# What you have to do
Take the line that contains "Load image into" and every line below it to the end of the entries, and give them again exactly, leaving out any pictures.

Caption-style text data
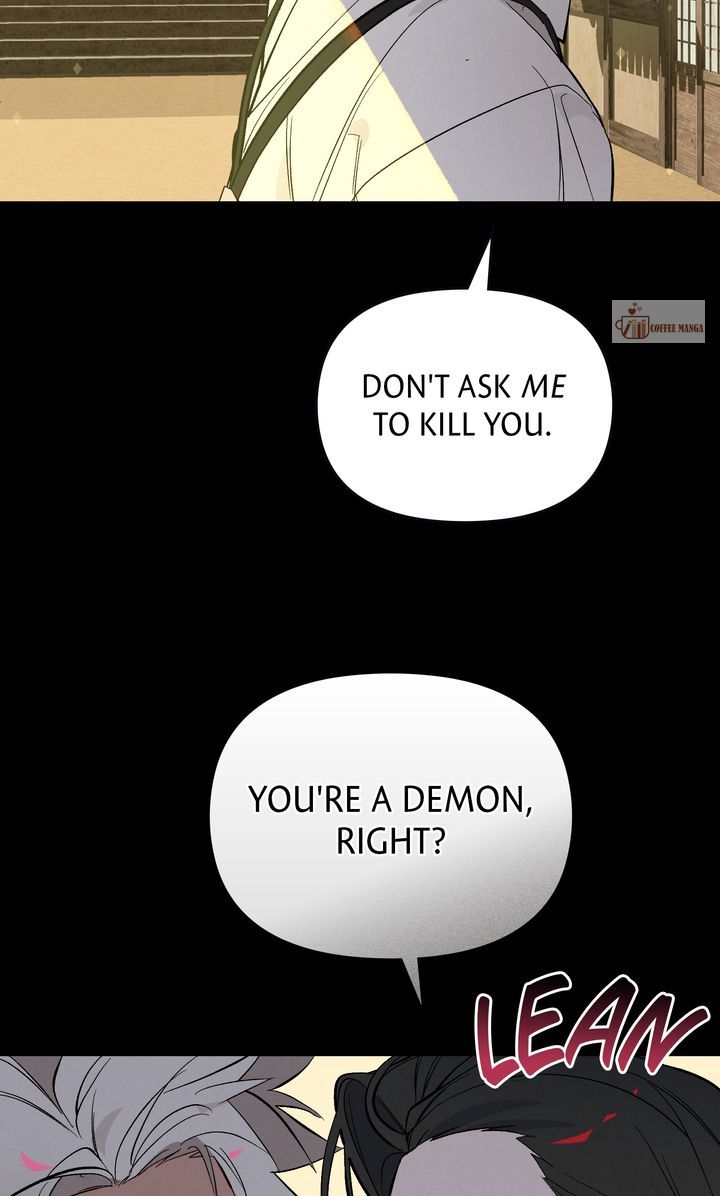 Even If Despair Consumes You Chapter 58 - Page 26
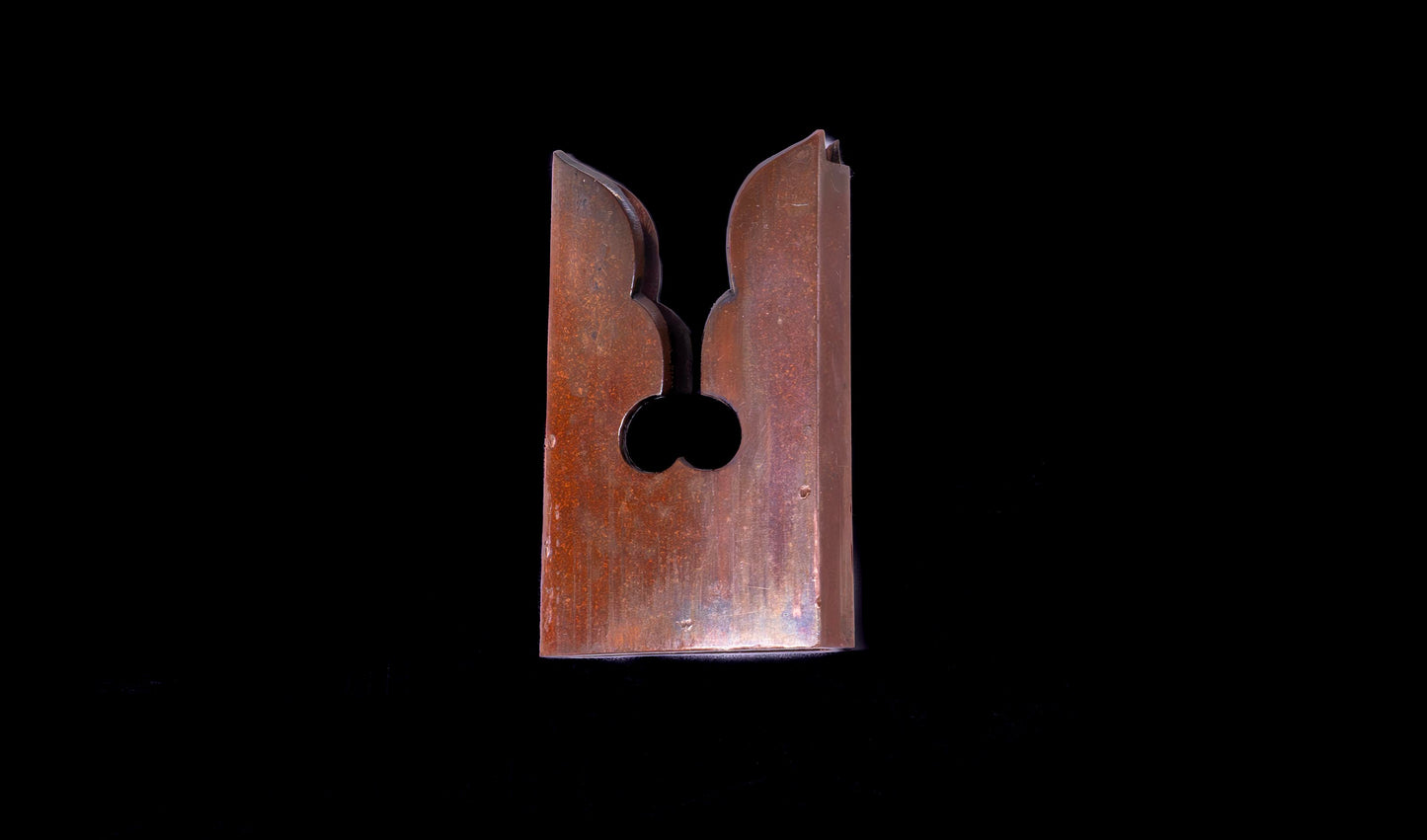 Antique Japanaese Katana Sword signed Omi no Kami Fujiwara Tsuguhiro Katana - NBTHK Hozon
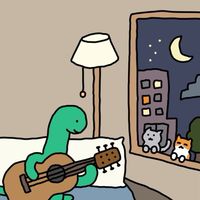 JOGUMAN ✨🦕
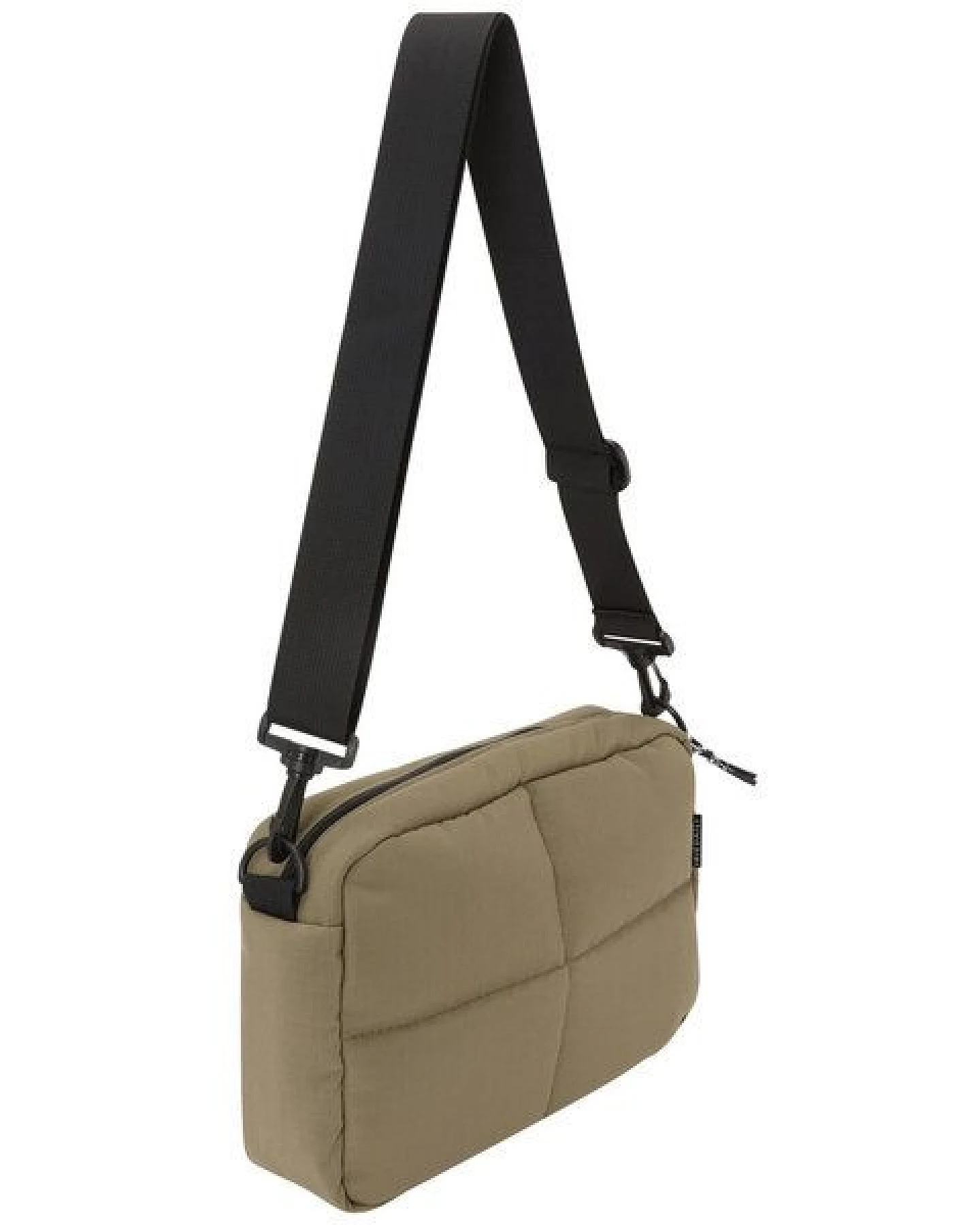 Iriedaily Ribtouch Side Bag – Ansicht 3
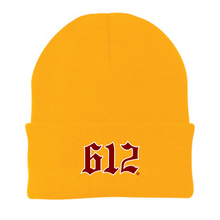 Load image into Gallery viewer, 612® Original Classic Cuffed Beanie
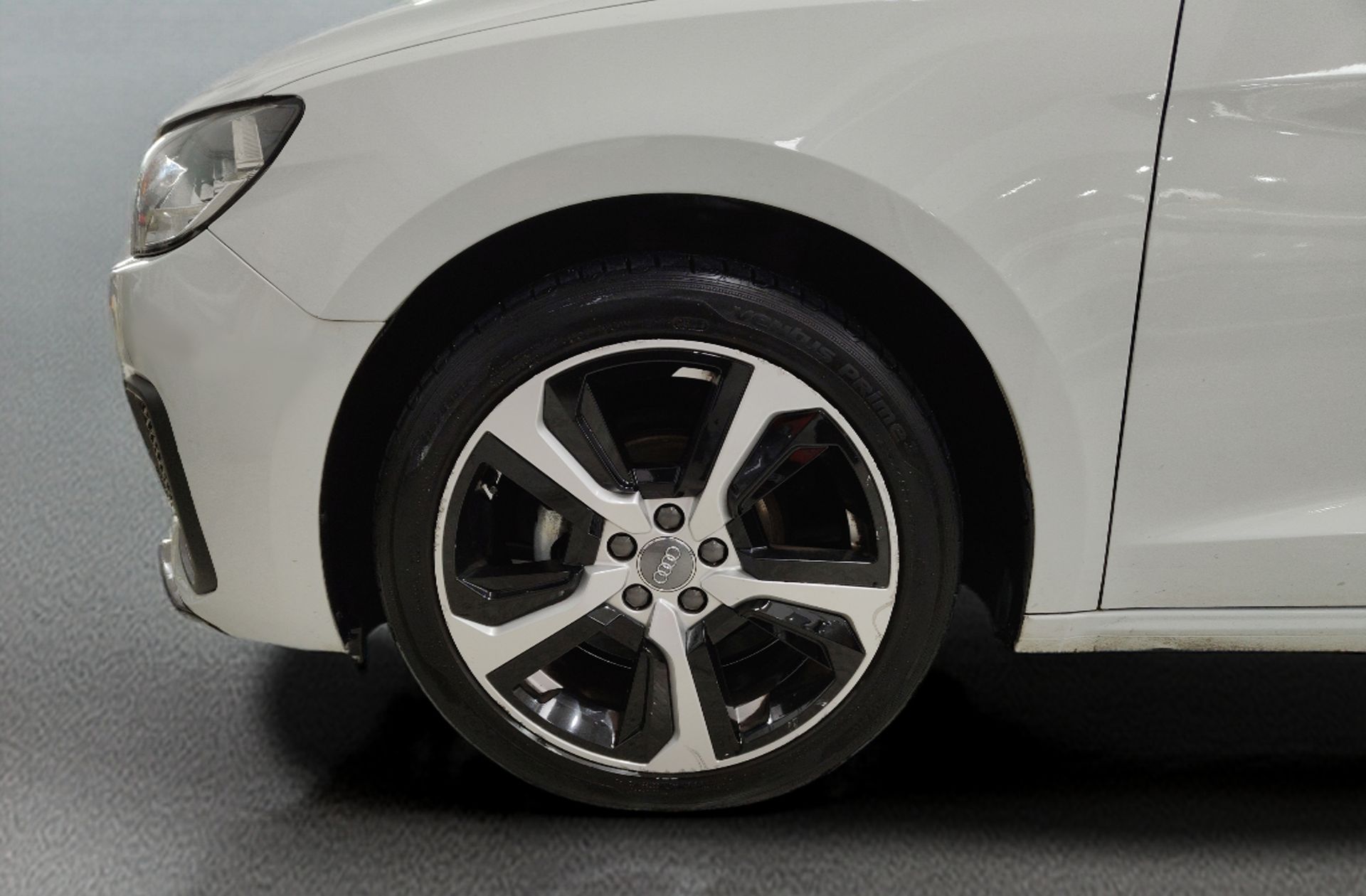 Audi A1 Sportback Advanced 25 TFSI - foto 32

# Answer box
 Load image into Gallery viewer, 612® Original Classic Cuffed Beanie
 Audi A1 Sportback Advanced 25 TFSI - foto 32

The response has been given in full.